Work required. Please reproduce all of the data exactly as it appears, but skip the pictures.

Stored data.
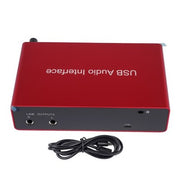 DURAFORCE Scarlett 2i2 3rd Gen USB Audio Interface Fit for Recording Songwriting Streaming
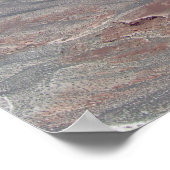 Das Ende der Reise Poster (Ecke)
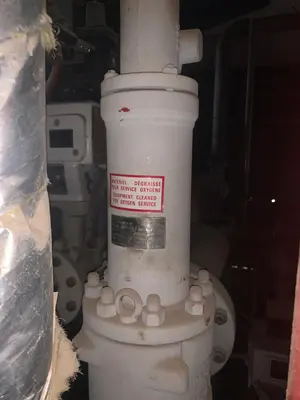 2010 AIR LIQUIDE 950 Nm3/h Anlage - Luftzerlegung, Sauerstoff, Stickstoff, Wasserstoff | Perry Equipment (26)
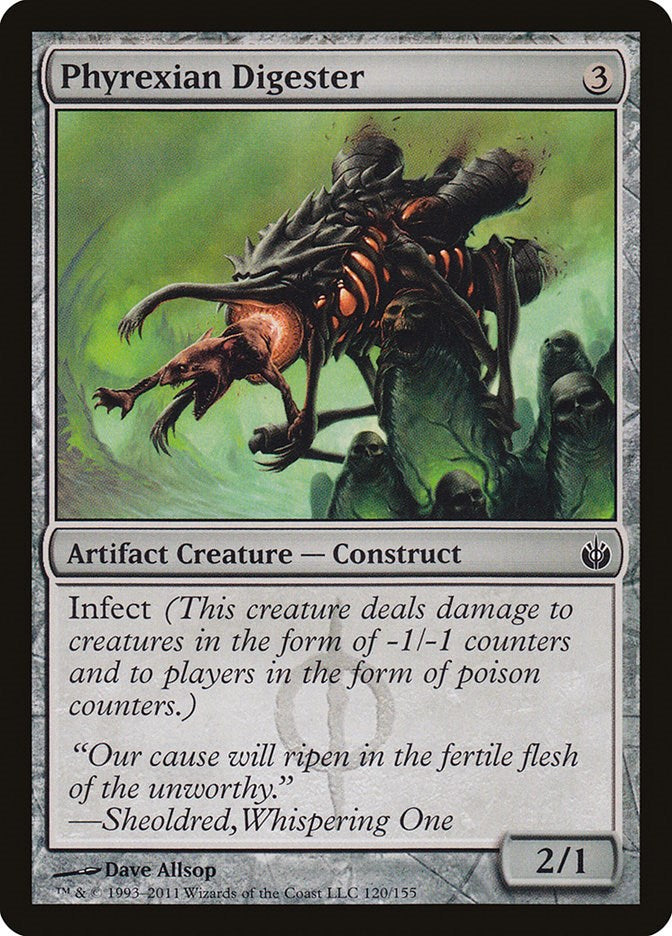Phyrexian Digester [MBS - 120]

The answer.
 DURAFORCE Scarlett 2i2 3rd Gen USB Audio Interface Fit for Recording Songwriting Streaming
 Das Ende der Reise Poster (Ecke)
 2010 AIR LIQUIDE 950 Nm3/h Anlage - Luftzerlegung, Sauerstoff, Stickstoff, Wasserstoff | Perry Equipment (26)
Phyrexian Digester [MBS - 120]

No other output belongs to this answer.